─── Exercise inputs ───

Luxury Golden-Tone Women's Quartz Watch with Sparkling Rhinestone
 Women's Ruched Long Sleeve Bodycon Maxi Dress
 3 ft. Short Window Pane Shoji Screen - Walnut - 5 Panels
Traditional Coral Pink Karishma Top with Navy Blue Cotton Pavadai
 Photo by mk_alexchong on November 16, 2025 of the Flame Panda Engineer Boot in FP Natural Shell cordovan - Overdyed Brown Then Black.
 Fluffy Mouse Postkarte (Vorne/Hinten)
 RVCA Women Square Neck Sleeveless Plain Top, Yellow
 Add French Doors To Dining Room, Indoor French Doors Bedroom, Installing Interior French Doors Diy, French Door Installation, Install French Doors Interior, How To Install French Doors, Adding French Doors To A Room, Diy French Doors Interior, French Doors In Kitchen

───

* [Task objective]
Once the line that contains "3 ft. Short" is found, please give it again exactly, along with each line that comes after it, through the last line of the entries.

* [Written solution]
 3 ft. Short Window Pane Shoji Screen - Walnut - 5 Panels
Traditional Coral Pink Karishma Top with Navy Blue Cotton Pavadai
 Photo by mk_alexchong on November 16, 2025 of the Flame Panda Engineer Boot in FP Natural Shell cordovan - Overdyed Brown Then Black.
 Fluffy Mouse Postkarte (Vorne/Hinten)
 RVCA Women Square Neck Sleeveless Plain Top, Yellow
 Add French Doors To Dining Room, Indoor French Doors Bedroom, Installing Interior French Doors Diy, French Door Installation, Install French Doors Interior, How To Install French Doors, Adding French Doors To A Room, Diy French Doors Interior, French Doors In Kitchen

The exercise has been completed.